Türkiye's public broadcaster screens TV series of Bosnian Wars

Türkiye's public broadcaster screens TV series of Bosnian Wars

TV show tells stories of 19915 Dayton peace agreement, Bosnia's 1st leader Alija Izetbegovic

By Sule Ozdemir

ISTANBUL (AA) – A multi-episode TV show entitled Dayton will kick off on Tuesday on the Turkish public broadcaster TRT on the 28th anniversary of the Srebrenica genocide.

The first episode of the Dayton series, which is about the parties coming together in Dayton, Ohio, US, after the Serb forces siege Srebrenica and what happened in the process, will be screened on Tuesday evening at TRT 1 Public.

Viewers can watch other episodes of the series online on TRT platforms.

Dayton's screenwriter Umit Cihan Canpolat told Anadolu that the TV series focuses on the 1995 Dayton Accords. The chess-like peace treaty process lasted a month and ended the Bosnian War between 1992 and 1995.

The bloody war in Bosnia-Herzegovina ended on Nov. 21, 1995, at Dayton Air Base in the US state of Ohio, with the Bosniak, Serb, and Croat sides reaching an agreement.

"To make the audience feel what Alija was fighting in a month, we preferred to tell the genocide that started in 1992 through a family," Canpolat said, referring to Alija Izetbegovic, Bosnia-Herzegovina's first president.

"It was the part in Dayton that appealed to us; we wanted to focus on the political tension and tell the story very well," he added.

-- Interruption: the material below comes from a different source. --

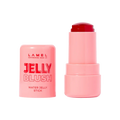 Lamel - Water Jelly Blush - 01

Canpolat said that each character in the series represents a different face of Bosnia-Herzegovina.

"Sometimes a family represents a whole country. In the series, we narrate the stories of a leader trying to piece his country together which was disbanded due to the genocide and a family broken up and reunited because of the same genocide," he elaborated.

Izetbegovic, a politician, writer, and lawyer, came to international prominence during the country's bitter 1992-1995 war and led the country to independence from former Yugoslavia.

Often dubbed the "Wise King," Izetbegovic was a prominent Muslim thinker of the last century.

The first president of Bosnia-Herzegovina managed to gain independence for his country on March 1, 1992, months after Slovenia and Croatia broke away from former Yugoslavia.

During the 1995 Srebrenica genocide of thousands of Bosnian Muslim men and boys, Izetbegovic kept the spirit of resistance.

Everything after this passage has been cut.